Google Core Update September 2022: What You Need to Know
What was included in the Google September Core Update?
Google released two updates that finished rolling out on September 26th, 2022. An update to the Product Review Update, and a Core Update. Core updates are broad changes Google makes to its search engine algorithm.
Unlike specifically named updates like the Product Review Update, there’s typically no specific guidance for Core Updates other than to see if your site is following all the latest best practices.
It can be hard to differentiate what is affected by the Core Update and what is affected by the Product Review Update. They both finished updating at the same time, so separating between which update is affecting your site can be tricky.
How to tell if your site has been affected by the Core Update or the Product Review Update
First, you should make sure you’ve connected your website to Google Search Console and Google Analytics. This way you can see if you are experiencing any drop in organic impressions, clicks, traffic, your Page Experience scores, or any website errors.
The September Core Update started rolling out on September 12th and finished on September 26th while the Product Review Update started rolling out on September 20th before finishing on September 26th, 2022.
So if you started experiencing some volatility in your Google Search Console impressions and clicks between the 12th and before the Product Review Update started rolling out on the 20th, you can assume the Core Update was most likely causing this.
If you don’t have enough traffic to notice changes, you should follow our guidance on how to make sure your site is following Google’s best practices for page experience, product reviews, and helpful content.
You can also use some other clues to see what is causing changes. The Product Review Update by Google seems to be a correction to some mistakes they made earlier according to observations by SEO expert Glenn Gabe:
So while the Product Review Update was making fixes, then what was the Core Update doing? When Google makes a big change or wants website owners to start focusing on something different, they provide guidance on what that is. For the Product Review Update, they provided a list of questions to ask yourself, and for the Page Experience Update, they provided Core Web Vitals, and ways to measure performance.
Since they aren’t providing any specific type of guidance for this update, most likely it is continuing to evolve the fundamental importance of site performance, along with the new product review and “helpful content” standards.
Google has been pretty clear about the direction they are trying to take their search ranking algorithm. They want websites that load fast, have a great user-friendly experience, avoid things that visitors hate like pop-ups (“intrusive interstitials”), and have helpful content made for humans, not search engines.
By examining all the publicly announced updates in the last year or two alone, we can get a strong idea of what to focus on to make our website stand out from the millions of sites in the future.
Updates evolve over time, take for example the Product Review update which has had 5 releases.
Having a quality website (“Page Experience update”) combined with quality content (“Helpful Content update” and “Product Review updates”) is only going to continue to have stricter requirements as Google really elevates internet standards.
Although some of these updates can have negative effects on certain sites, it will also largely cut down on the spammy, low-quality sites with terrible user experiences like slow-load times and bloated with pop-ups.
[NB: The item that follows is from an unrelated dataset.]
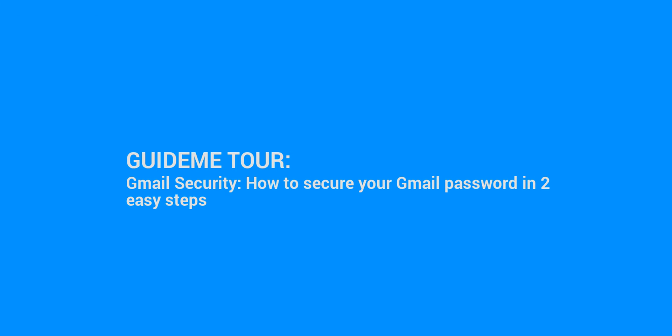Welcome to GuideMe.io. Let's learn Gmail security, how to secure your Gmail password in two easy steps.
This is the direction Google wants to move towards.
Even if your site has somehow managed to be unaffected by past updates with low-quality content and poor site performance, it doesn't mean that you’re in the clear moving forward.
Danny Sullivan from Google points out that Google will eventually figure it out and you are liable to notice it in Core Updates as they make tweaks.
It’s important to focus on the long-term, by creating real value for humans as opposed to trying to game the algorithm. It can take months to recover from a major drop in rankings, so taking the time to make sure you build your website the right way from the start will pay off.
With over 65% of sites not passing Core Web Vitals (ahrefs), or following best practices from the Product Review and Helpful Content updates, you have a chance to stand out from the competition and increase your rankings today. You can make your website benefit from each update instead of worrying about being penalized or “hit” by an algo update.